Updated: March 17, 2014 10:17:24 am
It’s election time, but at Biren Natto’s store in the Bowbazar area, arch-rivals Trinamool Congress and CPI(M) or BJP and Congress bury their hatchets and co-exist.
Natto is among the few traders who deal with campaign material and representatives of all political parties are queuing up at their stores to stock up as campaign picks up for the coming Lok Sabha elections.
Campaign material like vinyl box posters, flex, paper posters, cut-outs, banners, flags, handbills, kites, caps and umbrellas printed with party symbols are the top draws among the parties and traders are finding it difficult to cope with the bulk orders, which they say, are still pouring in.

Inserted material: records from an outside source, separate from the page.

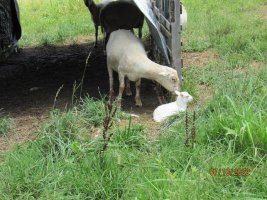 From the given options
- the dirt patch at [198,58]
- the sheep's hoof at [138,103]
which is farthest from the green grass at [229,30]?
the sheep's hoof at [138,103]

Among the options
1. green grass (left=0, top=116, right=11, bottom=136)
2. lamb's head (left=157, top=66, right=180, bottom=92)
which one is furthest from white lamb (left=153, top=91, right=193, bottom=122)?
green grass (left=0, top=116, right=11, bottom=136)

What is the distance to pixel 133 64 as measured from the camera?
704 cm

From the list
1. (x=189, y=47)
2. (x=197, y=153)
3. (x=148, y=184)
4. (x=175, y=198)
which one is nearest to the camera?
(x=175, y=198)

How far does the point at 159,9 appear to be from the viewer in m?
8.66

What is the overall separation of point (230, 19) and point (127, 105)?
5.61 metres

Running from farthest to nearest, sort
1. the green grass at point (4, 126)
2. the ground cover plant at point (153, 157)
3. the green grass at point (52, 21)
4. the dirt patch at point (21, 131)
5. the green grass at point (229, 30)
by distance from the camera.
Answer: the green grass at point (52, 21) < the green grass at point (229, 30) < the green grass at point (4, 126) < the dirt patch at point (21, 131) < the ground cover plant at point (153, 157)

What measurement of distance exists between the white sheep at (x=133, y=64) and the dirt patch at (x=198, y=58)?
1.98m

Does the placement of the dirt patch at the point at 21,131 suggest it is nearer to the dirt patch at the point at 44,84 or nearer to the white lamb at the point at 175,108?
the dirt patch at the point at 44,84

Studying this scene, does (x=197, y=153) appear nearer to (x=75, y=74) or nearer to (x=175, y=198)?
(x=175, y=198)

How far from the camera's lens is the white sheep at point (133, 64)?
678 cm

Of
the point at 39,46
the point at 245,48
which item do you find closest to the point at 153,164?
the point at 245,48

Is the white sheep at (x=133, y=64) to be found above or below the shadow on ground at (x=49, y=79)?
above

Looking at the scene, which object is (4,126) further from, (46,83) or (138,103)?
(46,83)

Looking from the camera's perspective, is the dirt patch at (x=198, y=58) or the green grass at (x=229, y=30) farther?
the dirt patch at (x=198, y=58) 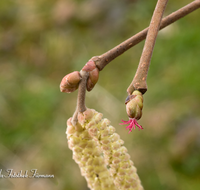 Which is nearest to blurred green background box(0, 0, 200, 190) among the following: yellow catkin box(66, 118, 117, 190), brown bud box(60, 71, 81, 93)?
yellow catkin box(66, 118, 117, 190)

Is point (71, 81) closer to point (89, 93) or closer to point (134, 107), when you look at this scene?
point (134, 107)

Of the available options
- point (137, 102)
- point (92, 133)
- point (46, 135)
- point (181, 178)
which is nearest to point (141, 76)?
point (137, 102)

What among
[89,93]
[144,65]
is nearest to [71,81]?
[144,65]

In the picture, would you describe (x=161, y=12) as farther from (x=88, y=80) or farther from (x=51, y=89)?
(x=51, y=89)

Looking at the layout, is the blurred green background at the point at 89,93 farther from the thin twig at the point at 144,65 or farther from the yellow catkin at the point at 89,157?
the thin twig at the point at 144,65

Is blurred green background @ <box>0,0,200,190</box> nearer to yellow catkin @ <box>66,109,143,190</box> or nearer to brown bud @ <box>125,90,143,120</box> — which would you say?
yellow catkin @ <box>66,109,143,190</box>

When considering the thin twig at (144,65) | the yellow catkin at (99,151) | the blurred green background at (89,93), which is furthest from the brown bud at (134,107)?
the blurred green background at (89,93) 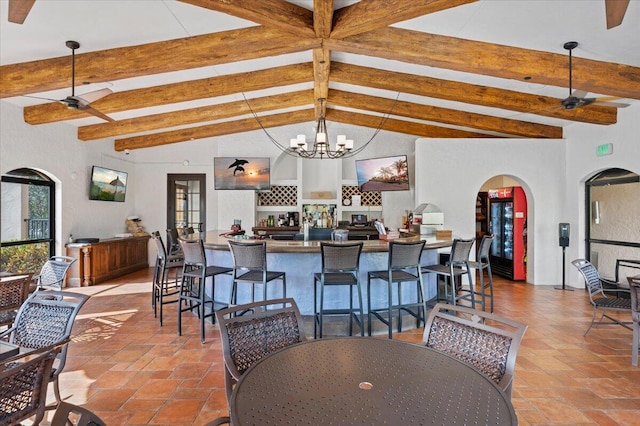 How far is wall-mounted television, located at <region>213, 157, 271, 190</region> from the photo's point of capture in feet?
24.4

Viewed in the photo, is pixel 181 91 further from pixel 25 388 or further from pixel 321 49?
pixel 25 388

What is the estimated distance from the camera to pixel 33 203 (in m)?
5.54

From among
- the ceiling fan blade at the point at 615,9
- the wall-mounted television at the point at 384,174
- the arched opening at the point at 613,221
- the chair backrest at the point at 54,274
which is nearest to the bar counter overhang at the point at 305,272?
the chair backrest at the point at 54,274

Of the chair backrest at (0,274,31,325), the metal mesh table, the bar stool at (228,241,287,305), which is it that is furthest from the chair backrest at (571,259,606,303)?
the chair backrest at (0,274,31,325)

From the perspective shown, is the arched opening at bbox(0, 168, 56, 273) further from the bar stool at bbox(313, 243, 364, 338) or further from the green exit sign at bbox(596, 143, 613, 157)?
the green exit sign at bbox(596, 143, 613, 157)

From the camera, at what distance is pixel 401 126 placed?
24.3 feet

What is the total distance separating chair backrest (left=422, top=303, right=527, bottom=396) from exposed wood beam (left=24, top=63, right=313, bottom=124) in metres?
4.31

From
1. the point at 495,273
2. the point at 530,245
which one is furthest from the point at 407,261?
the point at 495,273

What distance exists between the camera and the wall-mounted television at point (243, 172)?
7.45m

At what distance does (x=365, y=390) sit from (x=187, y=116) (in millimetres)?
6159

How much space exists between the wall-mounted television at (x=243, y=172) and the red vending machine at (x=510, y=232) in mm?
5039

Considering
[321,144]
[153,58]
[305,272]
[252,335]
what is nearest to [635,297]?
[305,272]

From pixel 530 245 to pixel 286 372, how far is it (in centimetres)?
651

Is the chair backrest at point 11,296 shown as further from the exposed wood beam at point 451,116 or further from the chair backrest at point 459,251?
the exposed wood beam at point 451,116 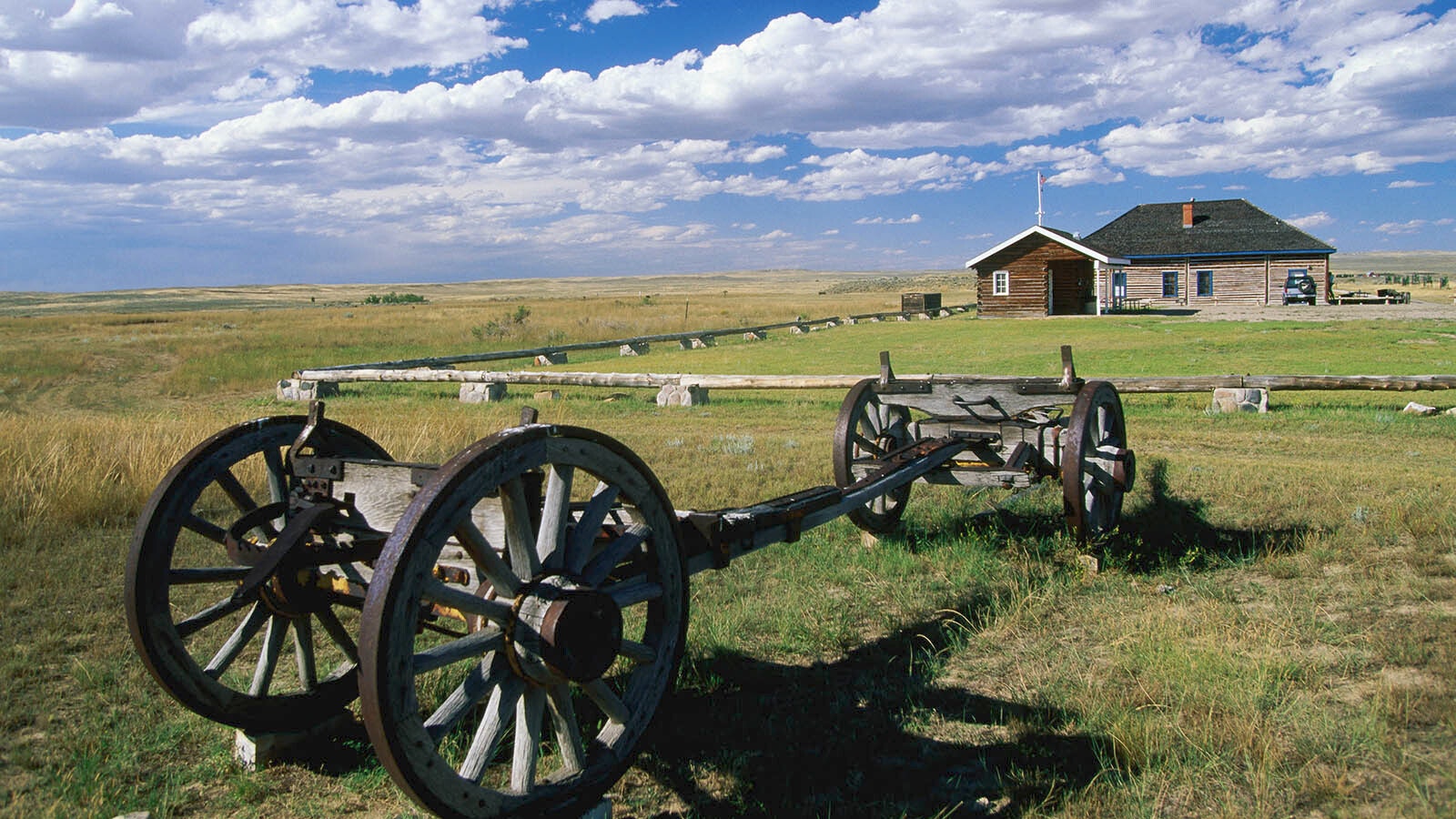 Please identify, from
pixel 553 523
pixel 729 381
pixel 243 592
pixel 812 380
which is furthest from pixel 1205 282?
pixel 243 592

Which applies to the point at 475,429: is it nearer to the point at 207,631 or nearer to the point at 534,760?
the point at 207,631

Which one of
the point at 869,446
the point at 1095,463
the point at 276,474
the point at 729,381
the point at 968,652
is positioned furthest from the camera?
the point at 729,381

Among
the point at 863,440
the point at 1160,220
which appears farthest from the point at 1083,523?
the point at 1160,220

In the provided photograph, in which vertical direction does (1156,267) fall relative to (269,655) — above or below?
above

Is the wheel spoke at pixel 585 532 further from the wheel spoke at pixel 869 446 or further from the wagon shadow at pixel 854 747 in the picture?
the wheel spoke at pixel 869 446

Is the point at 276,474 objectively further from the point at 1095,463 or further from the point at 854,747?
the point at 1095,463

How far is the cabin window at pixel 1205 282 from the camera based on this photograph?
4462 cm

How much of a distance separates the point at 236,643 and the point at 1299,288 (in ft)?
157

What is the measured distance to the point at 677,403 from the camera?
15.0 metres

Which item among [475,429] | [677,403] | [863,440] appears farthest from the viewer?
[677,403]

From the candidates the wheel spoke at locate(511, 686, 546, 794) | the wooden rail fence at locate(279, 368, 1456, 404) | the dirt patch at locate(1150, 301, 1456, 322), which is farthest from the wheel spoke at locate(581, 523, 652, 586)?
the dirt patch at locate(1150, 301, 1456, 322)

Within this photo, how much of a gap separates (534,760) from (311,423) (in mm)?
1675

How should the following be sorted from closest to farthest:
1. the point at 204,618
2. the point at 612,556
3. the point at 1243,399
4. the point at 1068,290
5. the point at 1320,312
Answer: the point at 612,556 → the point at 204,618 → the point at 1243,399 → the point at 1320,312 → the point at 1068,290

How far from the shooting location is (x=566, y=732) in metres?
3.11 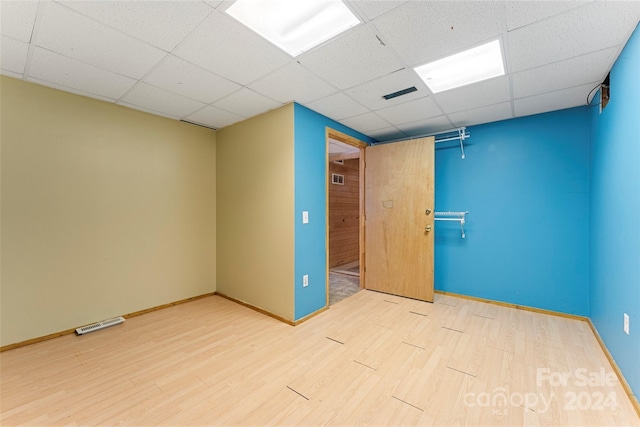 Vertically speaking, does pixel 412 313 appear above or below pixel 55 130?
below

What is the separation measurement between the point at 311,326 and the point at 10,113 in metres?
3.36

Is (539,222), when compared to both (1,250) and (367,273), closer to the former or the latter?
(367,273)

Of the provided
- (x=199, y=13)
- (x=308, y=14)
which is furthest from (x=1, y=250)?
(x=308, y=14)

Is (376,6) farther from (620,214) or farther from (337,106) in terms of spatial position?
(620,214)

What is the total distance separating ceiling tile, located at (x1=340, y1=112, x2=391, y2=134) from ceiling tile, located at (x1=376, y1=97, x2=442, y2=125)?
92mm

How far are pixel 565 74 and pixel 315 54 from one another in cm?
208

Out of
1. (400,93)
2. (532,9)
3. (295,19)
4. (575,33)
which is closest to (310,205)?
(400,93)

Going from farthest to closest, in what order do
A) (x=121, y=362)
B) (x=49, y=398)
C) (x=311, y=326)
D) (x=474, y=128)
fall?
(x=474, y=128), (x=311, y=326), (x=121, y=362), (x=49, y=398)

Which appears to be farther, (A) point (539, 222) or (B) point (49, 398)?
(A) point (539, 222)

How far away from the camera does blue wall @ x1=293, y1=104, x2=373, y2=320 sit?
2811 mm

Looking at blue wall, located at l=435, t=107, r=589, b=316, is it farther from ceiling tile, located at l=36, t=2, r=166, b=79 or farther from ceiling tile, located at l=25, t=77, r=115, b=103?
ceiling tile, located at l=25, t=77, r=115, b=103

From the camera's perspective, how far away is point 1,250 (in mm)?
2205

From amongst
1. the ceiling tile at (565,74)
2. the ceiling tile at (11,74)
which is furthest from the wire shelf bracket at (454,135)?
the ceiling tile at (11,74)

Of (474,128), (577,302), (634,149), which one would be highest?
(474,128)
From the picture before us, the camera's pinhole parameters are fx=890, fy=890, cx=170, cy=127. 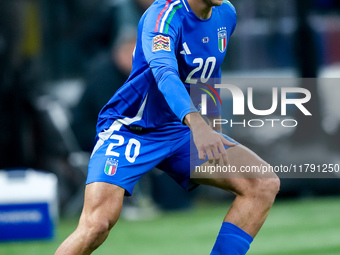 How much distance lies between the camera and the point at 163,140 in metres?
5.13

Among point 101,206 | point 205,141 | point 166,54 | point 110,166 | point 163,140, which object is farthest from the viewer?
point 163,140

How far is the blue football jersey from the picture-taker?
477cm

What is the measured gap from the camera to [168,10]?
4.84 meters

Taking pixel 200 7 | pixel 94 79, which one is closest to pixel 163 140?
pixel 200 7

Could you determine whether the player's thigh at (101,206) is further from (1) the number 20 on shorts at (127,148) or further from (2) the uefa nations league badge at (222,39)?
(2) the uefa nations league badge at (222,39)

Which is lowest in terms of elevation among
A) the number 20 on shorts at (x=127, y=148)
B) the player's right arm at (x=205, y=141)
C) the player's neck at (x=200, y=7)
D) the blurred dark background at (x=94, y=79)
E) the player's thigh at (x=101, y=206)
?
the blurred dark background at (x=94, y=79)

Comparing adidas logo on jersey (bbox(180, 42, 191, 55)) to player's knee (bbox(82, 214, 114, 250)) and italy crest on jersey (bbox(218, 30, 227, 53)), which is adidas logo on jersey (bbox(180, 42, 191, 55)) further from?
player's knee (bbox(82, 214, 114, 250))

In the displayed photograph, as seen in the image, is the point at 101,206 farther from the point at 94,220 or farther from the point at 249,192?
the point at 249,192

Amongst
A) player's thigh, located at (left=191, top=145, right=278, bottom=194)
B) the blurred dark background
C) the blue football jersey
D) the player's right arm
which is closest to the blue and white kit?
the blue football jersey

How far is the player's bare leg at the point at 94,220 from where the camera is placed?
4703mm

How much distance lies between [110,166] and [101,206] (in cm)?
24

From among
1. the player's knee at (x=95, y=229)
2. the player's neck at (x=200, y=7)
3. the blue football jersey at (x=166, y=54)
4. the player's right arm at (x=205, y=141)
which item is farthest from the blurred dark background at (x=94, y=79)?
the player's right arm at (x=205, y=141)

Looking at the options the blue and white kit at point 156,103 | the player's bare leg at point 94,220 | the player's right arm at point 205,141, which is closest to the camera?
the player's right arm at point 205,141

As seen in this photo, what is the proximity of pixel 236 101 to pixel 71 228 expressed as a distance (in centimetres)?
220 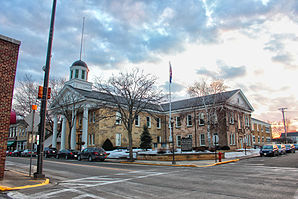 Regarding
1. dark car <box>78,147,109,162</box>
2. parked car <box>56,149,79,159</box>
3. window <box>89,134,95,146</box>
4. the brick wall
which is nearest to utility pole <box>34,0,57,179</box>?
the brick wall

“For us all political parties are same. We as individuals may have our political beliefs, but when it comes to business, all are same for us. We charge the same for our products from every party or candidate who place orders,” said Natto.
Natto, who has been in this business for the last 15 years, has put up more printing machines in his press to deal with the growing pressure of orders. “Orders will increase after Holi. Campaign has been a bit low till now, but will pick up soon with the first phase of nominations,” he said.
Natto has already received orders from Darjeeling and Jalpaiguri districts, which will go to the polls on April 17, the first phase in West Bengal. Bikash Majhi, another trader at College Street who also deals with orders from other states, says it is customary for bigger parties of any particular state or region to place the biggest order.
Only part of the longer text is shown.